Arkadaşlar, beğeniler çok az...iki bin kişi okuyorsa yüz kişi anca oy veriyor. Oysaki çok zor değil yıldız tuşuna basmak, niye bu kadar az beğeni geliyor anlamıyorum... Lütfen beğenmeyi unutmayınız:))


ÜÇÜNCÜ ŞAHIS

Boran müzik odasının cam kapısını açıp Beste'nin elini sıkıca tutarak içeri girdi. Klimalı oda serin olsa da tedirginlikten avuçları terleyen Beste'nin endişesini azaltmaya yardımcı olmadı. Boran'nın arkasında ürkek bir kedi yavrusu gibi dururken onun kolunun dar aralıkları arasından onlara bakan birkaç kişi olduğunu gördü. Her zamanki gibi.

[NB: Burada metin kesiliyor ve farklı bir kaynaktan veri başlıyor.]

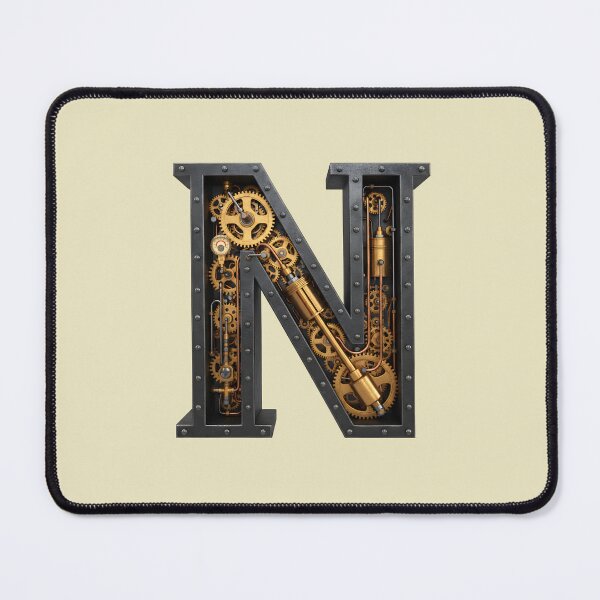 Item preview, Steampunk Letter N - Mechanical Gear Alphabet Initial, Vintage Industrial Monogram designed and sold by The Visual Syllabus.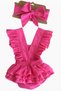 Baby Girl Pink Cotton Salopet Bandana Newborn Set - 7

Odak noktası olmaktan nefret ediyordu.

Boran omzunun üzerinden ona bakıp Beste'nin arkasında saklanmasına güldü. "Korkacak bir şey yok. Yanındayım yeşil gözlü."

"Teşekkür ederim."

Yaman'la en sol köşede oturan Macide, Boran'nın geldiğini hemen fark etmişti. Anında parlayan yüzüyle onu çağırmak için elini kaldırdığında Boran'nın arkasından minyon biri ortaya çıktı. Beste'yi gördüğünde gülümsemesi yavaşça kaybolup yerini kızgın bir bakışa bıraktı. Döndüğünden beri bu kızı onunla çok sık görüyordu. Ve bu hiç hoşuna gitmiyordu.

Selin yeni gelenlere gülümseyip başıyla selam verince Beste de ona içtenlikle karşılık verdikten sonra hemen bir yere geçip oturdu. Boran da onun peşinden gidip yanına oturduğunda Selin kulüple yaklaşan konser hakkında konuşmaya devam etti.
Beste kalabalığın arasında Yaman'ı görünce ona el sallayarak selam verdi. O da onun selamına sırıtarak karşılık verdi. Macide de ona bakınca Beste gülümsemeye çalıştı ama Macide kaşlarını çatarak gözlerini kaçırdı.

Boran, "Burada bedava yemek vermeye başlamalılar," diye yakınırken Beste bakışlarını tuhaf kızdan ona çevirip onun müzik toplantılarında sürekli acıkmasına kıkırdadı.

"Gelmeden önce atıştırmalık bir şeyler almayı unuttum. Şimdiden acıktım."

"Burada yemek yiyemezsin." Beste söylediğini vurgulamak için duvardaki "YİYECEK VE İÇECEK YASAKTIR" tabelasını işaret edince Boran kaşlarını çattı.

"Ben kurallara uymam yeşil gözlü."

Beste bunu çok iyi biliyordu...

"Ve solistimiz de Beste Gök olacak!"

Adının söylendiğini duyunca sarsılan Beste, alkışlar arasında onu işaret eden Selin'i gördü. Alkışlar ve ıslıklar odada yankılanırken Beste hafiften utanmaya başlamıştı.

"Solistimiz o olacak! Ona sevginizi gösterin çocuklar!" Selin alkışlayarak anons etti.

Alkışlar daha da yükselince Beste iyice kızardı. İyi ya da kötü, odak noktası olmaktan nefret ediyor, farklı gözler onun üzerindeyken nasıl tepki vereceğini bilemiyordu.

"Teşekkür ederim." Genç kız gülümserken odanın öteki ucundan onu kıskançlıkla izleyen Macide'den habersizdi.

"Bize bir şarkı söyle!" diye bağırdı elinde saksafon tutan bir çocuk.

Ah, hayır.

Bir kız ellerini yalvarırcasına kavuşturarak, "Evet, bize bir şarkı söyle, lütfen!" dedi. "Geçen sefer çok güzel söylemiştin. Seni tekrar dinleyelim!"

Beste iç çekerek alnını kaşıdı. "Şey..."

"Konser provalarına kadar beklemeniz gerekecek," diye araya girdi Baran. "Sürprizi o zaman göreceksiniz. Şu anda size şarkı söyleyemez, sesini dinlendirmesi lazım."